Work and life are not independent entities fighting for 50/50 equilibrium. They’re interconnected, and one affects the other. Things like a four day work week will probably be in our future with the intention to achieve a better work life balance. People will choose to work for companies whose mission and culture resonate with their own values. Work will not just be about making a living, but about being part of a greater mission that fulfills our expectations on a personal level.

I keep quotes on my desk and on scraps of paper to stay inspired. What’s your favorite “Life Lesson Quote”? And how has this quote shaped your perspective?

How long is forever? Sometimes just a second.

This phrase from Alice in Wonderland reminds me that happiness is elusive and the little moments that sometimes seem irrelevant are the ones that I wish I could keep forever. A chaotic and loud Tuesday dinner at home with all the children. A summer lunch with friends laughing until we cried. One day, it will be the last of each of these moments and that day I will wish I could keep them in my heart and mind forever.

We are very blessed that some of the biggest names in Business, VC funding, Sports, and Entertainment read this column. Is there a person in the world, or in the US, with whom you would love to have a private breakfast or lunch, and why? He, she, or they might just see this if we tag them.

That would be Dr. Neri Oxman. I believe her work is the future of design and architecture. One that will ensure that there IS a future for this planet. We need to turn back to nature for the creation process. She labels her work as Material Ecology, which is bio-based materials that can integrate with buildings and objects, using natural processes to perform functions like energy production and waste recycling. She uses materials like mycelium, algae and bacteria and substances like melatonin and chitin which comes from the shells of shellfish.

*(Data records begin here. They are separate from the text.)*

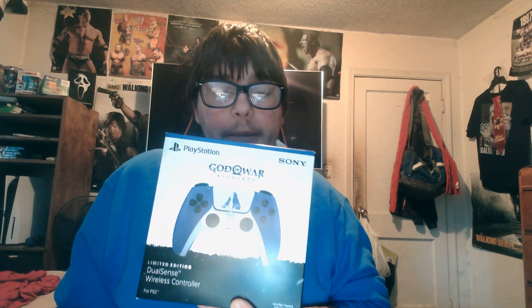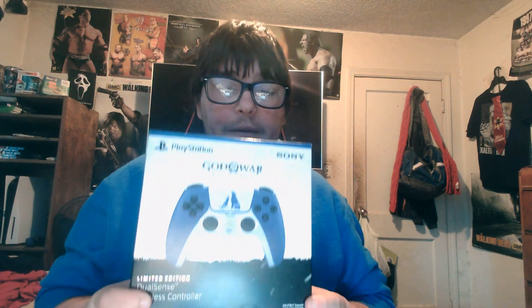The God of War Ragnarok limited edition DualSense wireless controller is here! I've been having so much fun with the game. Here's what the front of the box looks like, and here's the back. Without further ado, let's open her up.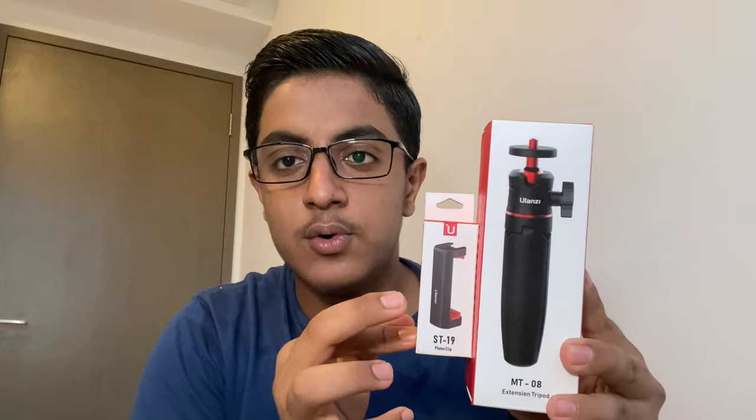So now let's unbox all of these. After we unbox, I'll be showing you the entire setup. Let's start the unboxing with the Ulanzi MT08 tripod and the Ulanzi phone clip, then we will move on to the Lightning to headphone jack converter, and lastly we will be unboxing the Boya BY-MM1 microphone.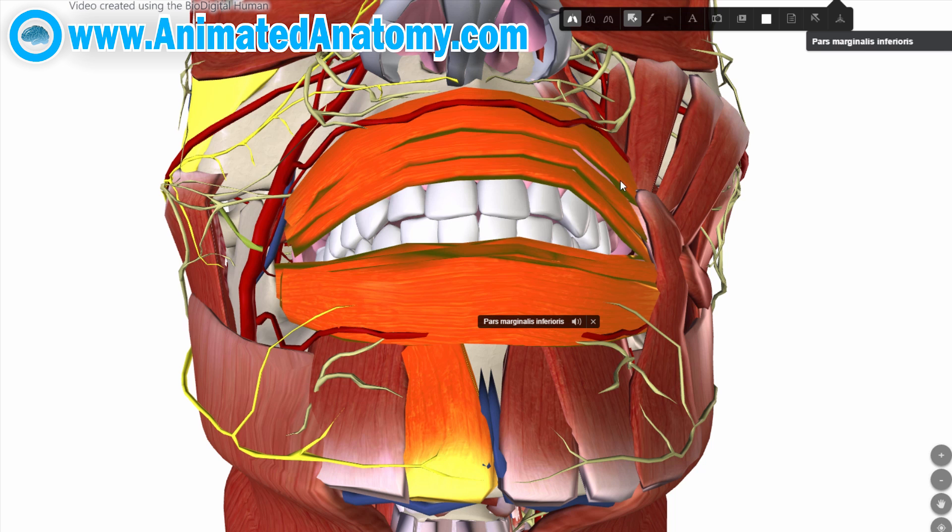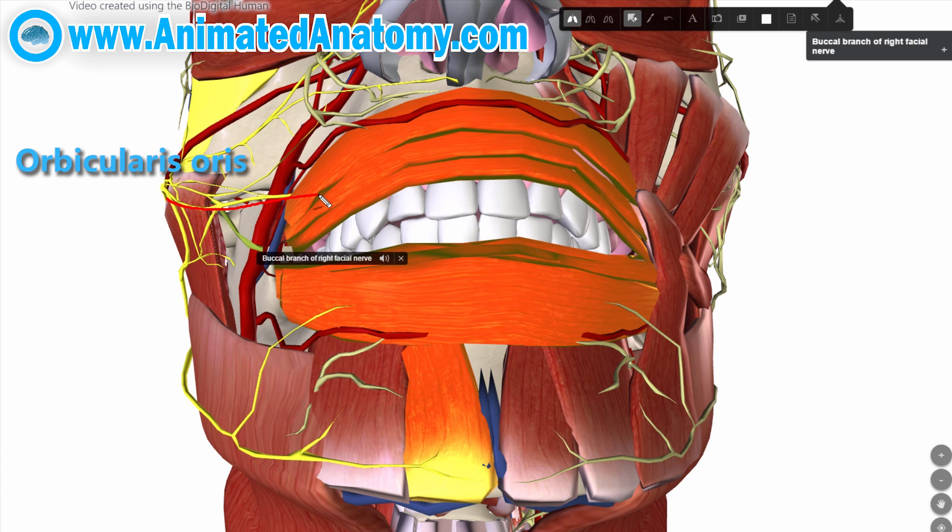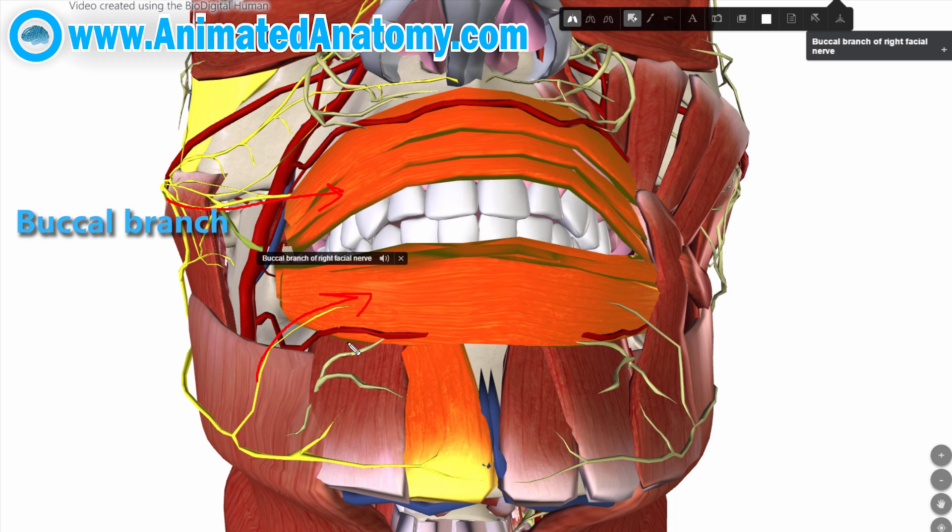They also have to use the orbicularis oris muscle, which is innervated by the buccal branch of the facial nerve, and partially by the mandibular branch of the facial nerve. Just because this expression reminds us of duck face, it doesn't mean that's the only function of this muscle — it is sometimes known as the kissing muscle, and it is also used for playing all brass instruments.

Her work is truly inspiring and I would love to have lunch with her one day to learn more about the solutions that could be found to make sure our industry has a positive impact on the environment. It is not enough to be sustainable, we need to be regenerative.

Our readers often like to continue the conversation with our featured interviewees. How can they best connect with you and stay current on what you’re discovering?

I have taken the life decision to quit social media and it has been liberating. The only account I keep and use for work is my Linkedin where I post work related articles and thoughts. LinkedIn: Alejandra Albarran

Thank you for sharing your insights and predictions. We appreciate the gift of your time and wish you continued success and good health.